### [ABOUT THIS EXERCISE]
Please copy the lines below exactly, from the first one through the line showing "340 Adrian Guidry Road, Longville".
++++++++++++++++++++
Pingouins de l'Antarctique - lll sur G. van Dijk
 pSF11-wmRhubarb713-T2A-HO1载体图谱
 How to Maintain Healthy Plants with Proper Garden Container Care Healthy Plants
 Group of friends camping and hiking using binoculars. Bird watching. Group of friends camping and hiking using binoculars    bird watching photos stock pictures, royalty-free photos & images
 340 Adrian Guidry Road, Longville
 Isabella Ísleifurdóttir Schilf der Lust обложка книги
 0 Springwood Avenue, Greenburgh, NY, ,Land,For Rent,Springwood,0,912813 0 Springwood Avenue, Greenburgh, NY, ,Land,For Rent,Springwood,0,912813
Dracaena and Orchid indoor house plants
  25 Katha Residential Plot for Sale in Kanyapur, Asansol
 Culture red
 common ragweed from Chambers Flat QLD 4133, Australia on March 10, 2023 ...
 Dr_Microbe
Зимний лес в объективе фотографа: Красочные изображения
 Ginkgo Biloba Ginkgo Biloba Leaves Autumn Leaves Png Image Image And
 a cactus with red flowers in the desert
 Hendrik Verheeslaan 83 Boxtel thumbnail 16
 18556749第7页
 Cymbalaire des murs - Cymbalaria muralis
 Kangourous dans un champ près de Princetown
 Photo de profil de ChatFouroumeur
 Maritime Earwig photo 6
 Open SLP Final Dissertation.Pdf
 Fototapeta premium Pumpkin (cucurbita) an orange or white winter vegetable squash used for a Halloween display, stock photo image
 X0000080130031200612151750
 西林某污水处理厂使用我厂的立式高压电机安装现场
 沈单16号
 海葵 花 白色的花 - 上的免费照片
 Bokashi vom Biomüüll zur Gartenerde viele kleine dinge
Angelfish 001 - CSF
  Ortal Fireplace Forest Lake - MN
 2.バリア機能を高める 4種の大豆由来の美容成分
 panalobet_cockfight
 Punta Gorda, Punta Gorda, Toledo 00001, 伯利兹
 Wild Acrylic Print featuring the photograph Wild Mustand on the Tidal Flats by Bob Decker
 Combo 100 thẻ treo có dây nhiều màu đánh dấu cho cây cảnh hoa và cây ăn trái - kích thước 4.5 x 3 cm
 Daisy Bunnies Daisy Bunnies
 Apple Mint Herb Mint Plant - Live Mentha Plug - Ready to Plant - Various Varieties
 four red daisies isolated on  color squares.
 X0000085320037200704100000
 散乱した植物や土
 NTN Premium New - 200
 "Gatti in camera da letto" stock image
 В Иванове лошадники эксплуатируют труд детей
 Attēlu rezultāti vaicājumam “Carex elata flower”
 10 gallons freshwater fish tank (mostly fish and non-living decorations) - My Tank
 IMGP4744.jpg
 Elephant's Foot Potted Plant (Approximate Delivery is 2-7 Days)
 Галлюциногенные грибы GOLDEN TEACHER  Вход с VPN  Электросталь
++++++++++++++++++++
### [TASK OUTPUT]
Pingouins de l'Antarctique - lll sur G. van Dijk
 pSF11-wmRhubarb713-T2A-HO1载体图谱
 How to Maintain Healthy Plants with Proper Garden Container Care Healthy Plants
 Group of friends camping and hiking using binoculars. Bird watching. Group of friends camping and hiking using binoculars    bird watching photos stock pictures, royalty-free photos & images
 340 Adrian Guidry Road, Longville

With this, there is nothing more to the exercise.